L’Union est responsable de l’organisation de pogroms meurtriers contre les Juifs, avec l’aide de la police secrète et des officiers du Tsar. Viols, tortures, écartèlements, et toutes les abominations imaginables étaient infligées à des hommes, des femmes, des enfants, et parfois même à des nouveau-nés. Lors d’un pogrom à Odessa, 800 Juifs ont été assassinés, 5000 blessés, et 100 000 laissés sans domicile. Le Tsar n’ignorait pas ces exactions, en fait, il a même écrit à sa mère en les présentant comme les actes de son « peuple fidèle » ! Dans une lettre détaillant la répression brutale de paysans baltes, Nicolas II écrivait « il faut répondre à la terreur par la terreur ». Des milliers et des milliers de révolutionnaires ont été exécutés sous son règne, ou ont péri au fond de prisons sordides ou dans l’exil sibérien. Son dernier crime a été d’ordonner à ses troupes de tirer dans la foule des manifestants, au début de la révolution de Février. Oui, « Nicolas le sanglant » méritait son surnom.

Les tentatives de la classe dirigeante de présenter Nicolas comme un homme simple et humble sont d’une effroyable hypocrisie. Pleure-t-elle Charles Ier d’Angleterre ou Louis XVI, dont la chute a permis de hisser la bourgeoisie au pouvoir ? Se lamente-t-elle sur les exécutions de Saddam Hussein, de Ben Laden, de Ceausescu, et de tous les autres ennemis des puissances occidentales ? Hillary Clinton a même été enregistrée en train de rire à la nouvelle de la mort de Kadhafi. Nous non plus, nous ne pleurons pas ces criminels, mais le Tsar Nicolas II ne valait pas mieux qu’aucun d’entre eux. Quant aux milliers d’enfants massacrés par les bombes de Bush et Blair en Irak, en Afghanistan, ou par les drones d’Obama au Pakistan, ils n’ont pas droit à une seule des larmes de la bourgeoisie. Ces victimes anonymes sont oubliées par les riches et les puissants.

Certains admettent que Nicolas II était un tyran, mais dénoncent l’exécution de sa famille.
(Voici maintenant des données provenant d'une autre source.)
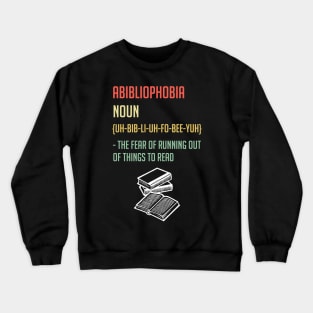 ABIBLIOPHOBIA Reading Book Lover Crewneck Sweatshirt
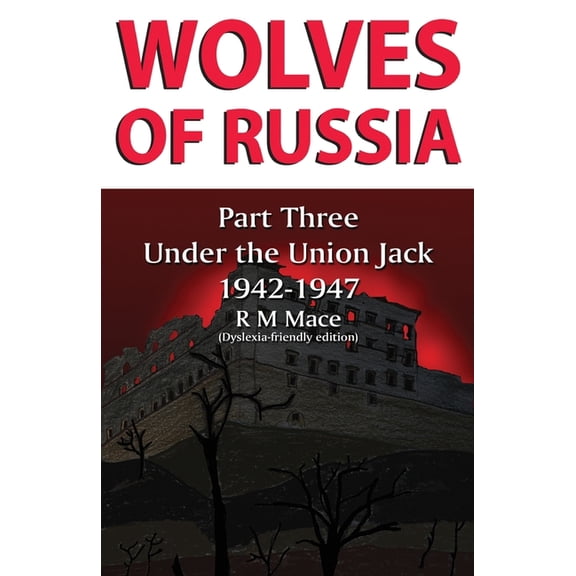 Wolves of Russia Part Three Under the Union Jack (Dyslexia-friendly edition) (Paperback)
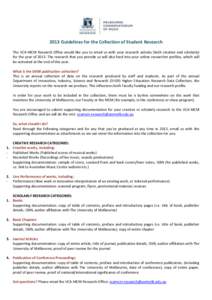 2013 Guidelines for the Collection of Student Research The VCA-MCM Research Office would like you to email us with your research activity (both creative and scholarly) for the year of[removed]The research that you provide 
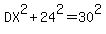 DX%5E2%2B24%5E2=30%5E2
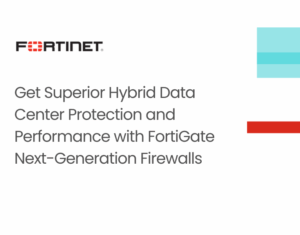 Get Superior Hybrid Data Center Protection and Performance with FortiGate Next-Generation Firewalls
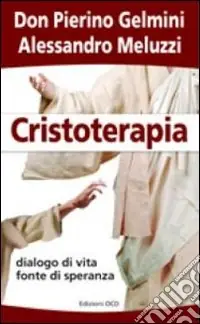Compra Online Cristoterapia. Dialogo di vita fonte di speranza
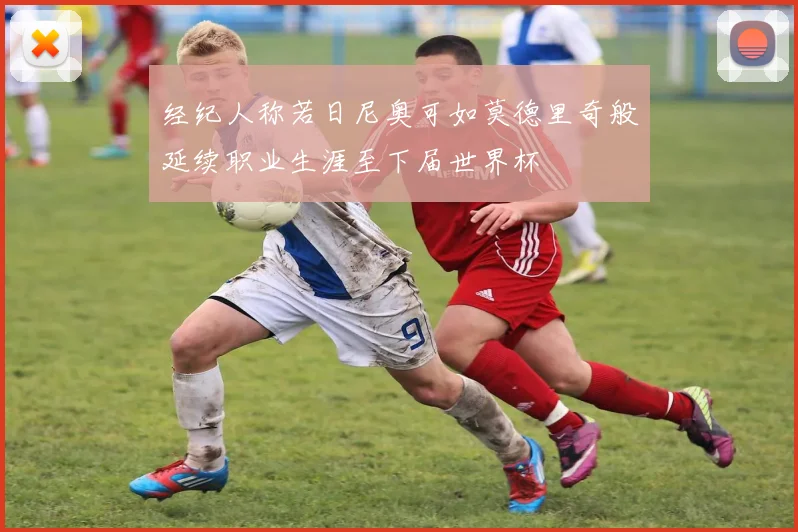 经纪人称若日尼奥可如莫德里奇般延续职业生涯至下届世界杯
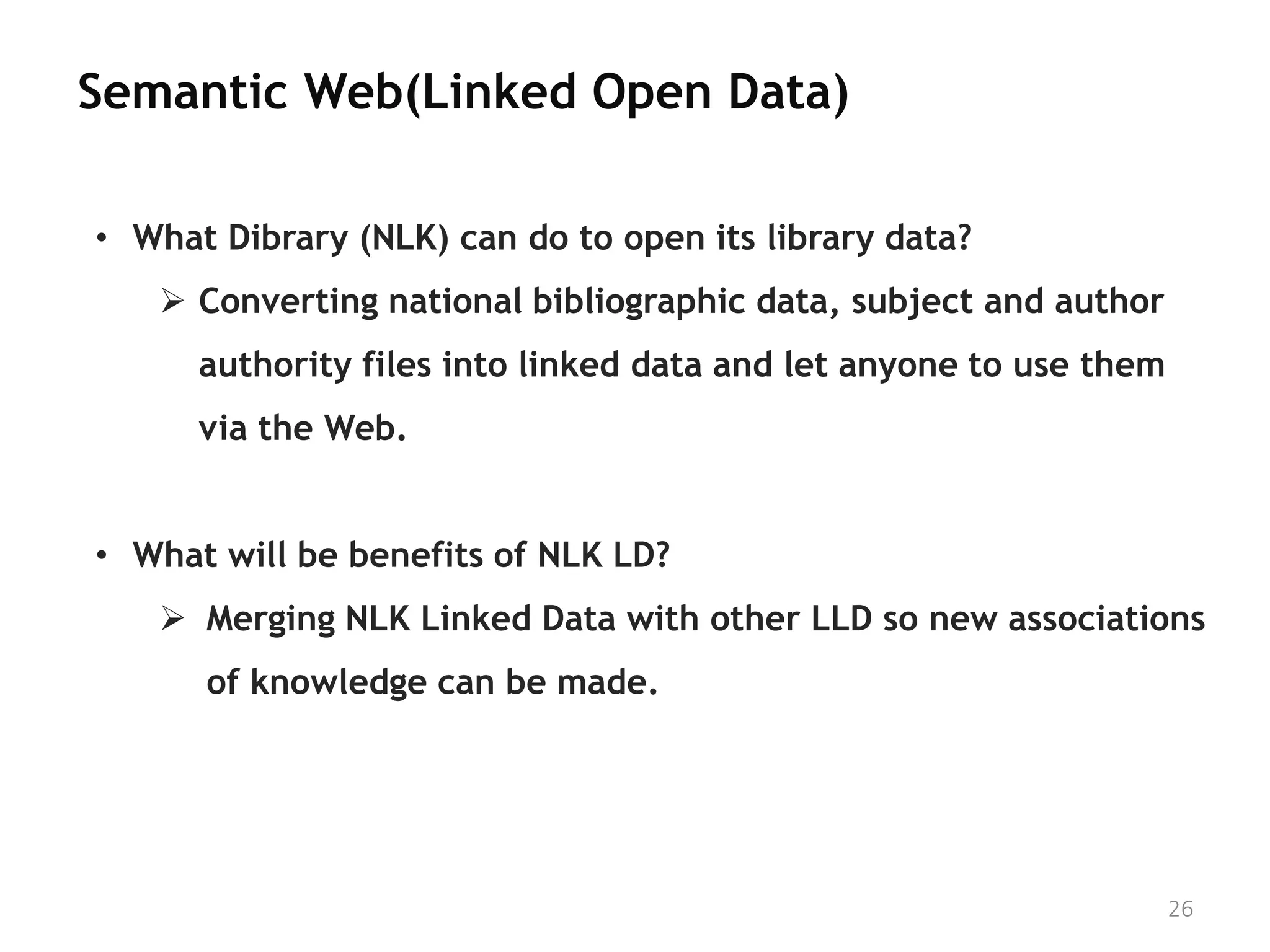 Semantic Web(Linked Open Data)

• What Dibrary (NLK) can do to open its library data?
    Converting national bibliographic data, subject and author
      authority files into linked data and let anyone to use them
      via the Web.


• What will be benefits of NLK LD?
    Merging NLK Linked Data with other LLD so new associations
      of knowledge can be made.




                                                                    26
 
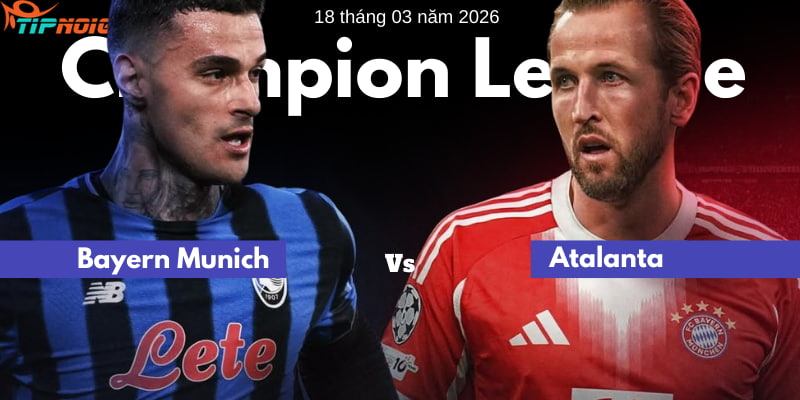 Phân tích kèo & Gợi ý cá cược Bayern Munich vs Atalanta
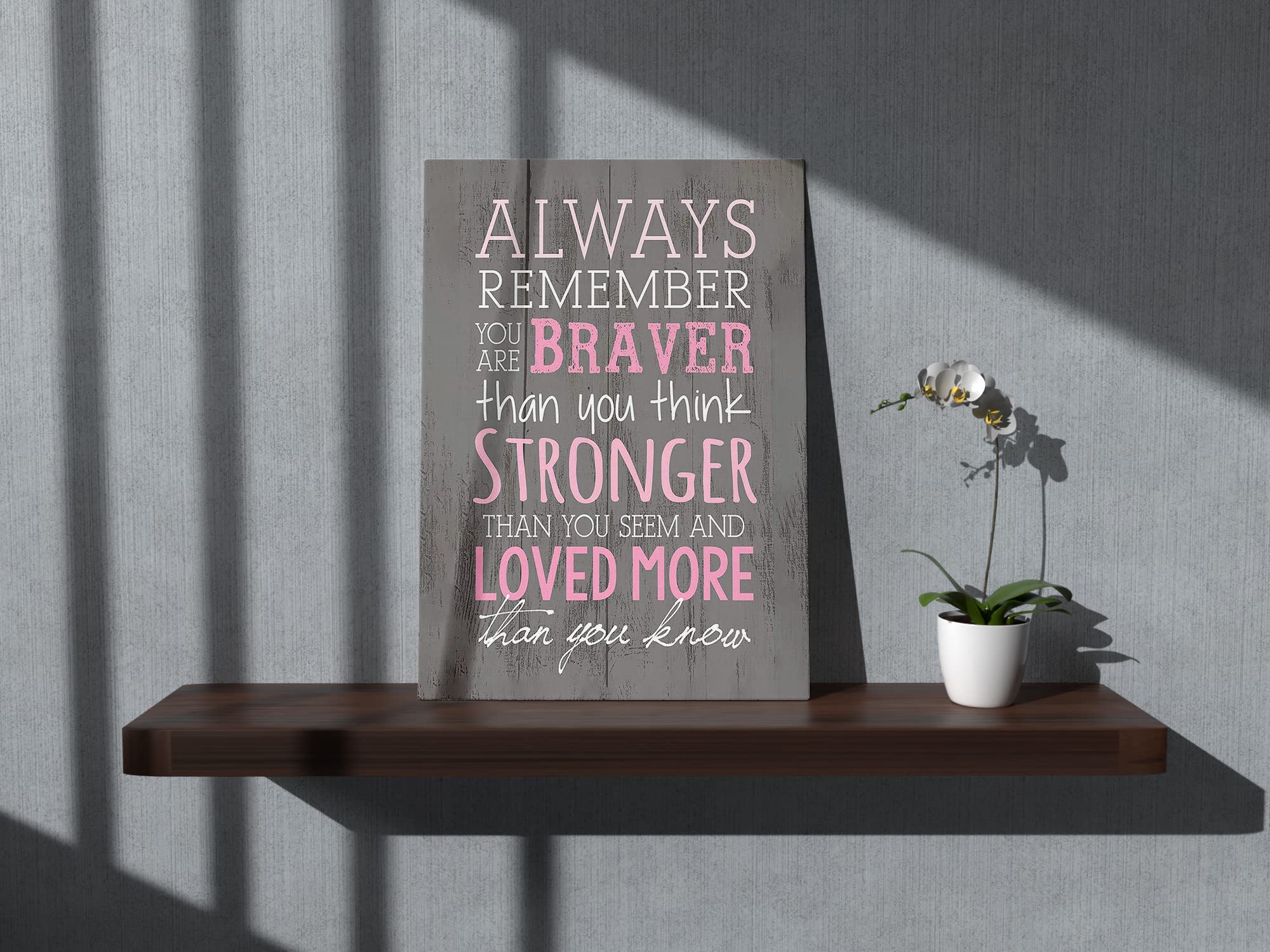 Motivational Inspirational Always Remember You Are Braver Than You Believe Wall Art Canvas Farmhouse 11X14 Inch Prints Decor For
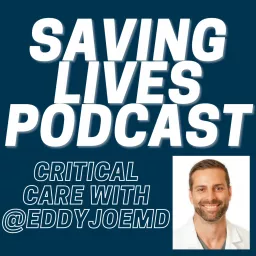 Saving Lives Podcast: Critical Care w/eddyjoemd artwork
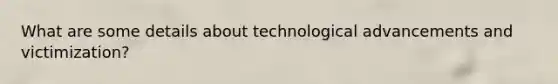 What are some details about technological advancements and victimization?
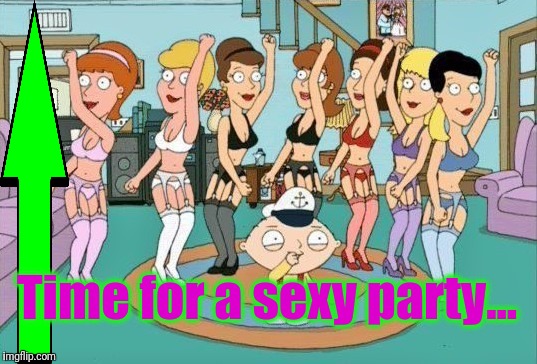 Time for a sexy party... | made w/ Imgflip meme maker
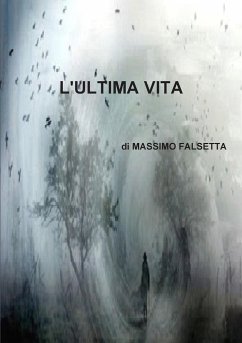 L'ULTIMA VITA - Falsetta, Massimo
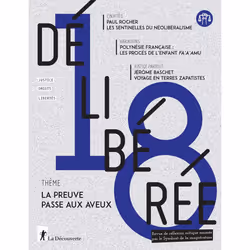 ISBN Délibérée N° 18 - La preuve passe aux aveux : Le livre de Revue Délibérée, Science & nature, 96 pages
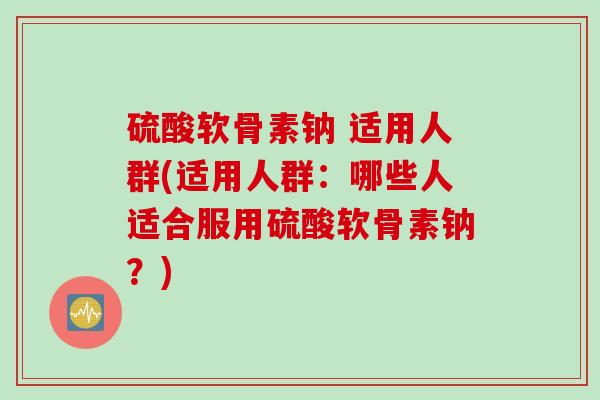 硫酸软骨素钠 适用人群(适用人群：哪些人适合服用硫酸软骨素钠？)
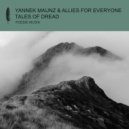 Yannek Maunz & Allies for Everyone - Tales of Dread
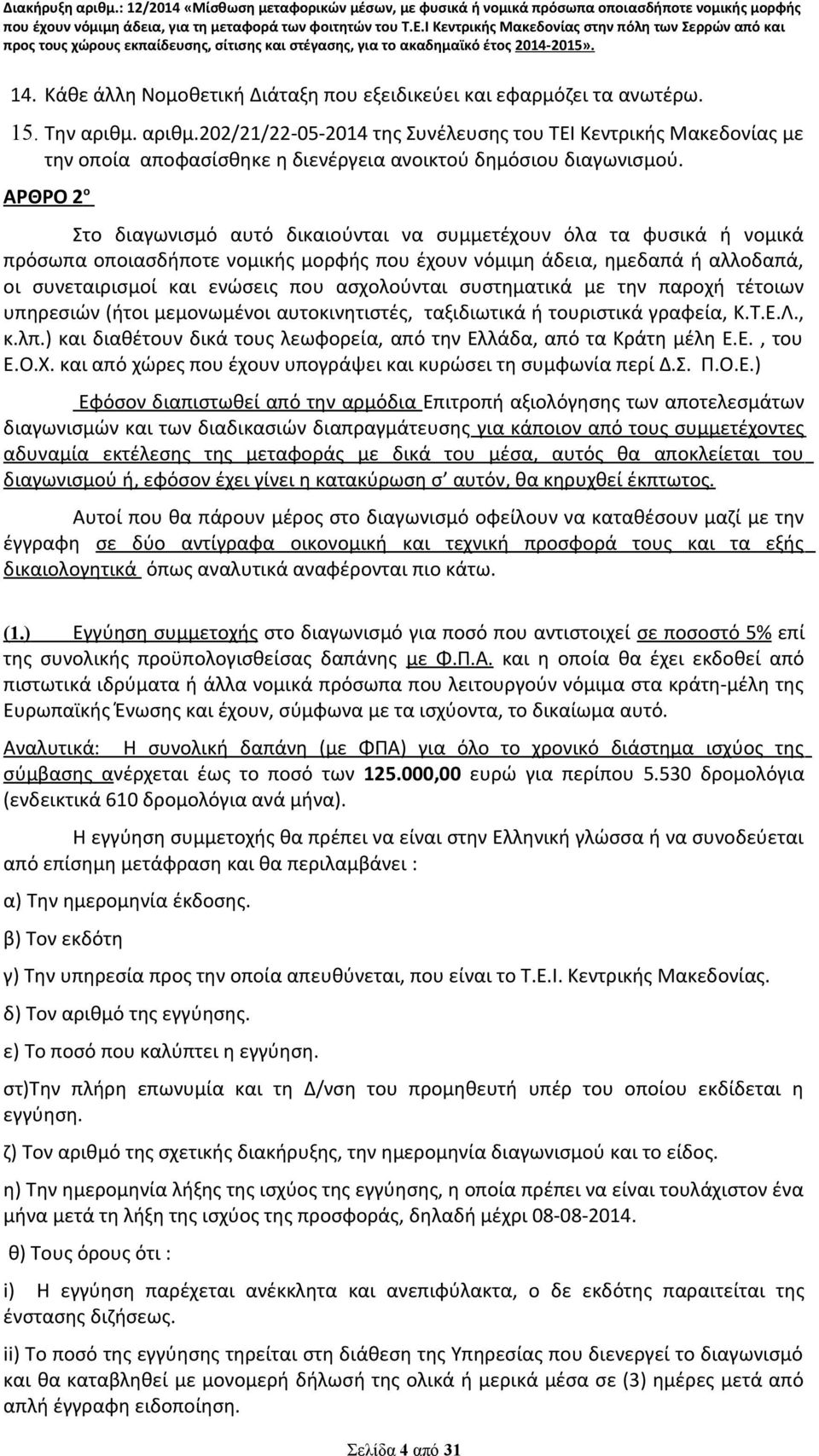 ΑΡΘΡΟ 2 ο Στο διαγωνισμό αυτό δικαιούνται να συμμετέχουν όλα τα φυσικά ή νομικά πρόσωπα οποιασδήποτε νομικής μορφής που έχουν νόμιμη άδεια, ημεδαπά ή αλλοδαπά, οι συνεταιρισμοί και ενώσεις που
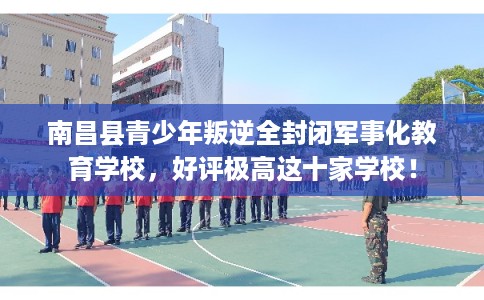 南昌县青少年叛逆全封闭军事化教育学校,好评极高这十家学校! 南昌县青少年叛逆全封闭军事化教育学校,好评极高这十家学校!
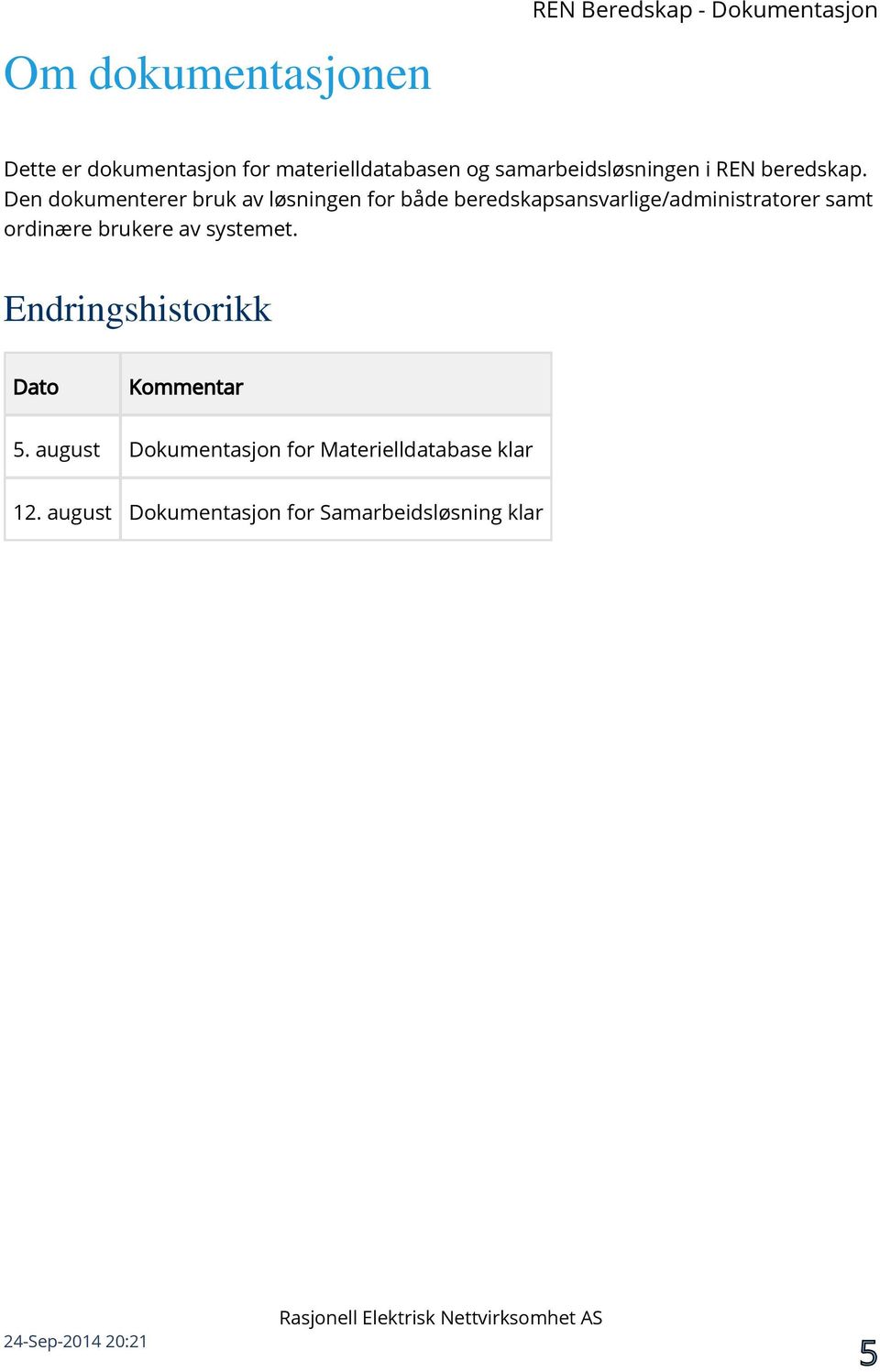 Den dokumenterer bruk av løsningen for både beredskapsansvarlige/administratorer samt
Bien sûr, cet événement est regrettable, mais le Tsar n’a jamais eu d’états d’âme s’agissant des familles juives massacrées sous son règne. Ou, pour donner un exemple plus contemporain, en quoi cela est-il différent d’une frappe de missile qui tue deux insurgés et trente membres de leurs familles ? Trotsky aurait préféré que se tienne un procès public, qui aurait révélé les crimes de la dynastie des Romanov à la face du monde entier, mais les conditions de la guerre civile ont rendu cela impossible. En 1918, les blancs s’approchaient dangereusement de la maison relativement confortable où les Romanov étaient retenus à Ekaterinbourg. Si les armées blanches avaient pu mettre la main sur un seul membre de la famille impériale, il serait devenu un point de ralliement pour les forces contre-révolutionnaires, qui n’hésitaient pas, pour leur part, à massacrer les familles des révolutionnaires faits prisonniers.

Cette région relativement dépourvue de tout intérêt militaire était soudain devenue l’objet d’une puissante offensive des armées blanches, menaçant les vies de milliers d’habitants mal défendus. L’Armée Rouge n’avait pas les moyens de renforcer la zone. Face au déferlement des blancs, les bolcheviks d’Ekaterinbourg ont considéré l’exécution de la famille du souverain comme la seule option pour éviter un bain de sang. Ce faisant, ils ont aussi éliminé un potentiel symbole qui aurait pu regrouper toutes les forces de la contre-révolution.

On nous dit que la mort d’environ 200 000 hommes, femmes et enfants dans les bombardements nucléaires d’Hiroshima et Nagasaki était nécessaire, parce qu’elle aurait « sauvé des vies et raccourci la guerre ». Le fait est que l’exécution des Romanov a démoralisé les blancs, et donc de sauver des vies en raccourcissant la guerre civile russe.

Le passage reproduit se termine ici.